This is a story from a couple of years ago. I don’t quite remember the day or month, and it isn’t particularly relevant. There were a lot of people around the house, and even that isn’t particularly relevant. She was there. In the beginning, just as a lot of other people were there. But we got to talking. We talked small, in a small group, as you do. Probably over a couple of cheap, half liter beers. But she mentions she keeps an diary. An art diary, in particular. I ask her if I might have a look at it, but she’s not keen, and she’s sending me signals that she’s really not keen. I make my first mistake of the evening by insisting.
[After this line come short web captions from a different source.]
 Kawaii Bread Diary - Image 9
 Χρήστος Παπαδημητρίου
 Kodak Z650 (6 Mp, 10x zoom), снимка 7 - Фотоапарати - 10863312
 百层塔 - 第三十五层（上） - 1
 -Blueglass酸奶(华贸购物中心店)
It’s a very nice diary, filled with watercolor, sketches, portraits, and a few short lines in a language I don’t speak. It’s very impressive, and speaks volumes. It moves me to make my second mistake of the evening. There’s a tiny doodle of two grassy hills, and a few flowers. The whole thing is a couple of square centimeters. And I call her out on it. I tell her exactly where she was when she drew it, not only which park, but exactly where she was sitting and which direction she was facing. And I shouldn’t have told her that, because there’s no way I could have known that. This is a city of millions, it’s huge. But I knew. And she knows that I couldn’t have known that. Today, I still don’t know how I could have known. But I did. And it changed everything.
Suddenly, we are not talking small anymore. We’re talking big. People drift into our conversation, and quickly drift out again. Nobody speaks our language anymore, but we’re perfectly intelligible to each other. It could have been confusing and extraordinary, but at that time it seemed to make perfect sense. We understood each other perfectly clear, and we were only occupied with what was outside our mutual understanding. It was as if we were lifted clear off the ground, and looking down on the everything from afar. As if this was how things normally are. And weirdly enough, that was all it was, a simple togetherness. And nothing else. But nothing external seemed to matter either.
We drank more beer, moved outside to smoke, because that’s what you do, and it suddenly was 4 in the morning, and I vaguely remember I had to get go to work in a couple of hours, because that is what happens. I made a half hearted attempt to get her to stay, as if both of us are control of what happens, but we both agreed there and then that everything comes to an end.